» **Problem to solve**:
A stretch of the entries below is to be set down exactly, running from the line with "Outdoor Portable Folding" through the line with "1 Cent Swaziland 1974 + 1982 + 1986", both included, and no other line.

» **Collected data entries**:

*** Begin section ***

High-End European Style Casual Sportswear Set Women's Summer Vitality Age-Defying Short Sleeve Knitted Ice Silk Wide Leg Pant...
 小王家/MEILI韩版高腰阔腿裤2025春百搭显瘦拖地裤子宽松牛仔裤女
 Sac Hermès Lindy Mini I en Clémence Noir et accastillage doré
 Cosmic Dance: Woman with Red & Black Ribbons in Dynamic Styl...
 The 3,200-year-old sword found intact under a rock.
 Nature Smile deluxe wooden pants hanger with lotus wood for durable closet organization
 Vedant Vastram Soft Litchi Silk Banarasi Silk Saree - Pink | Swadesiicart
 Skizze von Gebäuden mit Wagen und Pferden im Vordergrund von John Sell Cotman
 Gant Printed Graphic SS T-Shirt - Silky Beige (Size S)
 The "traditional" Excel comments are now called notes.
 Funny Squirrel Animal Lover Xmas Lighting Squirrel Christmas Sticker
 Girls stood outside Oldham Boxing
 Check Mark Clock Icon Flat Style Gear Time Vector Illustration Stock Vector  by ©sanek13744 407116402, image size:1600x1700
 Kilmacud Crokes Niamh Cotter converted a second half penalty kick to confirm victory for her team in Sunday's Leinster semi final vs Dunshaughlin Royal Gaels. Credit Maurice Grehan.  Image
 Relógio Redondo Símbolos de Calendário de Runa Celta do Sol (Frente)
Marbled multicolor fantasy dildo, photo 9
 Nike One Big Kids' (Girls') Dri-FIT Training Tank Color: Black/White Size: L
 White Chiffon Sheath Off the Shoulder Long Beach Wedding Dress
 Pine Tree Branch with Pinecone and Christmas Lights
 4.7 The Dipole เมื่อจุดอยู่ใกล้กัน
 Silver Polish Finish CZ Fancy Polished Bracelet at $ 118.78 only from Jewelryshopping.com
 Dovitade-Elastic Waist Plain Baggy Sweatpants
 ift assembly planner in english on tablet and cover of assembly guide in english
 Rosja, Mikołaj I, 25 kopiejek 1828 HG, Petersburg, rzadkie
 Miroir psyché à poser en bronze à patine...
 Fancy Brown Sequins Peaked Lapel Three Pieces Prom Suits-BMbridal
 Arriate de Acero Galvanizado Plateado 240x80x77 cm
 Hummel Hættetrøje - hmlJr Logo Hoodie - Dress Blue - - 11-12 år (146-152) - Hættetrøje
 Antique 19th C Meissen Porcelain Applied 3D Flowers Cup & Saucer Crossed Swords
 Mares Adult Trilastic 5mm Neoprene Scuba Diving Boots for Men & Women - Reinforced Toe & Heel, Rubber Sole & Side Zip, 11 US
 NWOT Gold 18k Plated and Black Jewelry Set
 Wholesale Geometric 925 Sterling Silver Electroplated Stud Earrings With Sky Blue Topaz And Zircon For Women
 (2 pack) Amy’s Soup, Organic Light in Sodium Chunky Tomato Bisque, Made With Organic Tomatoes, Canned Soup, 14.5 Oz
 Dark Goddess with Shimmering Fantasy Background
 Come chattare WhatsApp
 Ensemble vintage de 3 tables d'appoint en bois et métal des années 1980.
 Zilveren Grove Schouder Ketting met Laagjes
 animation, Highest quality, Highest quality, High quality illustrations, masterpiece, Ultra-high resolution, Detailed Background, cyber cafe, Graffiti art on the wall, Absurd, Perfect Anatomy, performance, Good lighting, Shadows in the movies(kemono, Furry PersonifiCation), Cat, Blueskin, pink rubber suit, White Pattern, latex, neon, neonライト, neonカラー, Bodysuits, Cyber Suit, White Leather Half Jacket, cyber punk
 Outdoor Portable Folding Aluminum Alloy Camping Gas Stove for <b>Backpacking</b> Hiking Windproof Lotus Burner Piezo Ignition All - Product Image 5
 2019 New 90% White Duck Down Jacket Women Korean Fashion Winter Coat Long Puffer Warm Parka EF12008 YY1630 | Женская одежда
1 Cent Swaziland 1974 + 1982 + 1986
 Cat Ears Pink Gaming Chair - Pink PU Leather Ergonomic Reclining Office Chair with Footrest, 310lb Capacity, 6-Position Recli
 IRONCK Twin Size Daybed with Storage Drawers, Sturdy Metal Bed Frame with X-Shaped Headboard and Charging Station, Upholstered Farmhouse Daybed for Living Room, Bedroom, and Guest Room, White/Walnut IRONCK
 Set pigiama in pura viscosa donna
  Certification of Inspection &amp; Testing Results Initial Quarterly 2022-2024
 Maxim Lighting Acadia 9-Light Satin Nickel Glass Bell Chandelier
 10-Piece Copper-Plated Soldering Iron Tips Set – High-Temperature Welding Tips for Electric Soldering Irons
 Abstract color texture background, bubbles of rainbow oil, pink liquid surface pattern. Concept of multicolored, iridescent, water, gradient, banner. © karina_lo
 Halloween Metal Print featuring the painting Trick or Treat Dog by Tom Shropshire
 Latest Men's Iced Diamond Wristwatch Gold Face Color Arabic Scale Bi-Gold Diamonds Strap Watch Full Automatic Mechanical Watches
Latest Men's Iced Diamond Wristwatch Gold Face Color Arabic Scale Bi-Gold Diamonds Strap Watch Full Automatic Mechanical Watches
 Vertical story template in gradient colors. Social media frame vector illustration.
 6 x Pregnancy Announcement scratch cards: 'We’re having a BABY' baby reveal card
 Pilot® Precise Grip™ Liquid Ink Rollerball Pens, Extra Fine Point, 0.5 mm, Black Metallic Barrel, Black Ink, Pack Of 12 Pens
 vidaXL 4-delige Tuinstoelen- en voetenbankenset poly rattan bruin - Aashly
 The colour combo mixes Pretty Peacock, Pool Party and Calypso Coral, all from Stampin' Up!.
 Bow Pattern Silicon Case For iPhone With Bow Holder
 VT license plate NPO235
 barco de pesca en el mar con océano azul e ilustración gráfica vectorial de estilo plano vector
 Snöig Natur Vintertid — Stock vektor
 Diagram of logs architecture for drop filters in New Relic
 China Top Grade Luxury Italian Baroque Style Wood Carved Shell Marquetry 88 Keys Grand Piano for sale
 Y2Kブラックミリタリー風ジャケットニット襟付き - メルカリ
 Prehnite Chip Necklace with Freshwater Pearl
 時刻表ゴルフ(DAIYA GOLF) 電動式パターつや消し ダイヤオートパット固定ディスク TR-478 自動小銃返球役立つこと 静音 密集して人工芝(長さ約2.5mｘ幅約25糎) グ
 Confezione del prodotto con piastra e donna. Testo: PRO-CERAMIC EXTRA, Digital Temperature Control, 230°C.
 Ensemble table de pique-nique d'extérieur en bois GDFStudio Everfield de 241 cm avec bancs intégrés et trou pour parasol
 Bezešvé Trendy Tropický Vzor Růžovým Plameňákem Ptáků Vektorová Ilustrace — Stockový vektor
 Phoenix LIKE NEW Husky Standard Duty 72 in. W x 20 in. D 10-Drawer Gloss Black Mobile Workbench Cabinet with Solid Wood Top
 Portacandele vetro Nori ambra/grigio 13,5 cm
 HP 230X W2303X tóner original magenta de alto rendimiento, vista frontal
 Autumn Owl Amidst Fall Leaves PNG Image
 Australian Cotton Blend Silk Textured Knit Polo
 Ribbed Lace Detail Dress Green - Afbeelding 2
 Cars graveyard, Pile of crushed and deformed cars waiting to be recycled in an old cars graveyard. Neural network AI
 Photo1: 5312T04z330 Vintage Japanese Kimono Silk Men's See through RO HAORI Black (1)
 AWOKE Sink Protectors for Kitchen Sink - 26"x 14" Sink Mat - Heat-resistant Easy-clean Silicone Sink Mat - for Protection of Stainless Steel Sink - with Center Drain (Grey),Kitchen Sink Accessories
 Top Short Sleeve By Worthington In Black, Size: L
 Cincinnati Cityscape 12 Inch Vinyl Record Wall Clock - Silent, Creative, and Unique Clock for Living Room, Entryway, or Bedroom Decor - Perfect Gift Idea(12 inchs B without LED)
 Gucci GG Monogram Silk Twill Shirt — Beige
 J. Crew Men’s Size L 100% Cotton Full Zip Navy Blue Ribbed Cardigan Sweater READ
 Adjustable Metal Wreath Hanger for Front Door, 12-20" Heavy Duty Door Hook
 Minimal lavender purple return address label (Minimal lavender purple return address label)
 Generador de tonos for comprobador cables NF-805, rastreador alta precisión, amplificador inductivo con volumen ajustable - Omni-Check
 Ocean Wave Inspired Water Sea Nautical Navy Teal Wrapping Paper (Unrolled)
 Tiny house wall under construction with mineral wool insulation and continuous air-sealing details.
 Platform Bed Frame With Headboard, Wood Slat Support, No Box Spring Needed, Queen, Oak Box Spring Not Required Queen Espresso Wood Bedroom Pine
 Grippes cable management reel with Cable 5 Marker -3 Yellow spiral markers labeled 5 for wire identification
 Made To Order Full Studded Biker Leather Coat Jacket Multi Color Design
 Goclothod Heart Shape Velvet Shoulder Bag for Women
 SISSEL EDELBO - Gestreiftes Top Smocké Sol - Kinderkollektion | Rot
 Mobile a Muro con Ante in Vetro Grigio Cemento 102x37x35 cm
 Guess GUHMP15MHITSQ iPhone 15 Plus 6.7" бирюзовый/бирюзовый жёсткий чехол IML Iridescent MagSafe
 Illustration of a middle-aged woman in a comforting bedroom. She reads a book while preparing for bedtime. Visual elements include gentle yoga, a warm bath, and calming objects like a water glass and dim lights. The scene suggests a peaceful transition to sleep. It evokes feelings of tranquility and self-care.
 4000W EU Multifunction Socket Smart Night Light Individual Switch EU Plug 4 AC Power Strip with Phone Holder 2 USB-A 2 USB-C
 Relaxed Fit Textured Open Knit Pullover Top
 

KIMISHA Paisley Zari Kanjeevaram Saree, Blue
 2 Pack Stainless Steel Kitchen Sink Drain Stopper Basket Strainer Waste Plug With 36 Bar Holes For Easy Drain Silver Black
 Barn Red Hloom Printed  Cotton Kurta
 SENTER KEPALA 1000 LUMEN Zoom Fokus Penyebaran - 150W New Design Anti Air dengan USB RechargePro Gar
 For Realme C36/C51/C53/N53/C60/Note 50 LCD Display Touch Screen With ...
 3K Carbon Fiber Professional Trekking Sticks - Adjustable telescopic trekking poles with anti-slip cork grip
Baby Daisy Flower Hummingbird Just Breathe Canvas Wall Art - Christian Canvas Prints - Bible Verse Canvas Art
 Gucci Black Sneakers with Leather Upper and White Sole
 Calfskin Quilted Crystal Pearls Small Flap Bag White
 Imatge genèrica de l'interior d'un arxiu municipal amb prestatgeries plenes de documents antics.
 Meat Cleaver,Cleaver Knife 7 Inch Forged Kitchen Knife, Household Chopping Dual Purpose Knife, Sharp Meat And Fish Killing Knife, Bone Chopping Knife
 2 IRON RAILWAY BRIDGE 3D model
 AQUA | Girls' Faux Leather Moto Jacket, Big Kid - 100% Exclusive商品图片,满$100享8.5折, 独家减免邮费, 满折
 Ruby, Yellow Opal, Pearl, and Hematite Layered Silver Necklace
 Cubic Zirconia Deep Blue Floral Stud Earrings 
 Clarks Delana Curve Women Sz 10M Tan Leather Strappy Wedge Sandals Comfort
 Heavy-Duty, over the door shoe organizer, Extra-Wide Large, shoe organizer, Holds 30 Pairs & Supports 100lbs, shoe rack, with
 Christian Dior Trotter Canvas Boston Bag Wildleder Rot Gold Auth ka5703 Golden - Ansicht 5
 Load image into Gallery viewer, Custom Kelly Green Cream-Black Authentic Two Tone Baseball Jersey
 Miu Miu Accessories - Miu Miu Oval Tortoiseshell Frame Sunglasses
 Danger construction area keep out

*** End section ***

» **Answer for the task**:
 Outdoor Portable Folding Aluminum Alloy Camping Gas Stove for <b>Backpacking</b> Hiking Windproof Lotus Burner Piezo Ignition All - Product Image 5
 2019 New 90% White Duck Down Jacket Women Korean Fashion Winter Coat Long Puffer Warm Parka EF12008 YY1630 | Женская одежда
1 Cent Swaziland 1974 + 1982 + 1986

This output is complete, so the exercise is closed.